→ **Work item**:
Each line of the listing, apart from the pictures, is to be printed exactly.

→ **Information provided**:
-*-

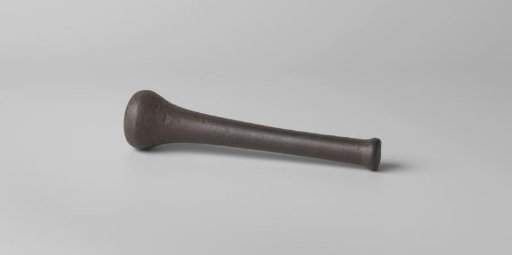 Pestle of cast iron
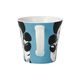 Cup Blue mouse 350ml, Fine Bone China, J. Häfner, Goebel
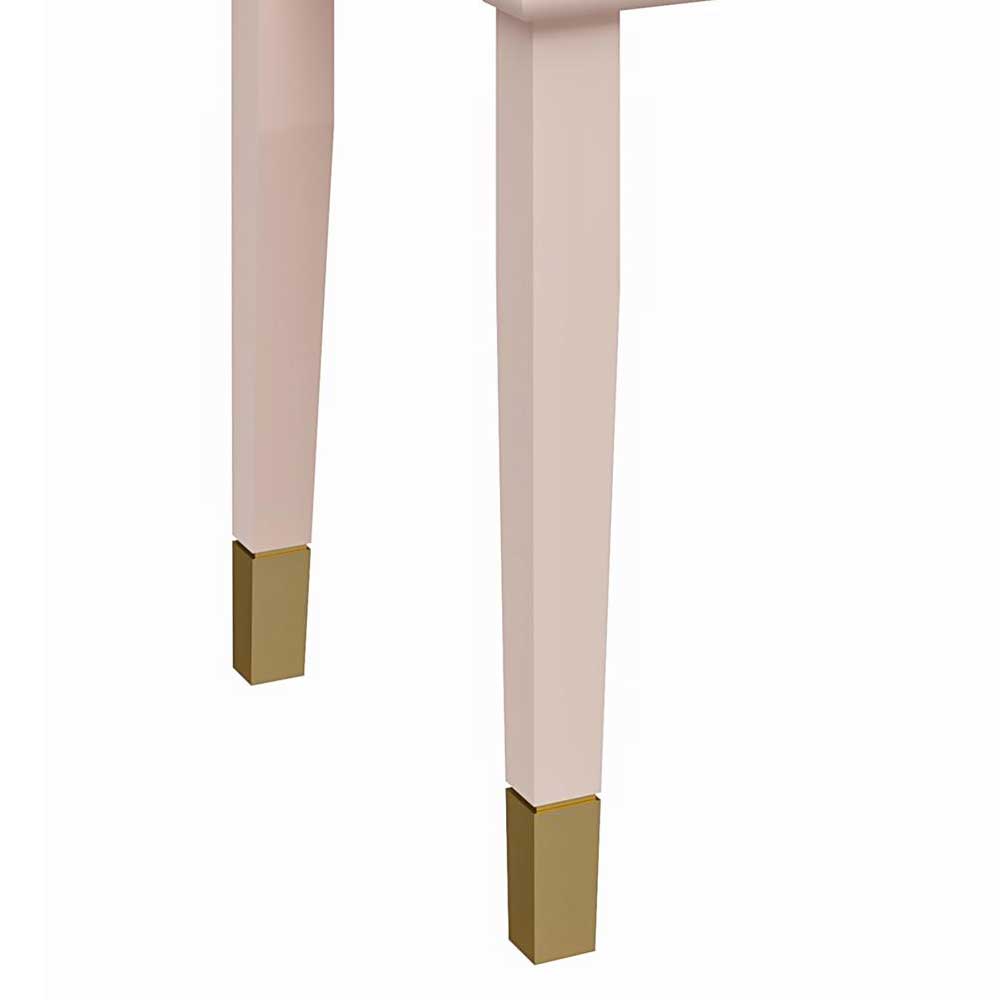 Kommode in Rosa mit Gold - Bafata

-*-

→ **Output for this exercise**:
 Pestle of cast iron
 Cup Blue mouse 350ml, Fine Bone China, J. Häfner, Goebel
 Kommode in Rosa mit Gold - Bafata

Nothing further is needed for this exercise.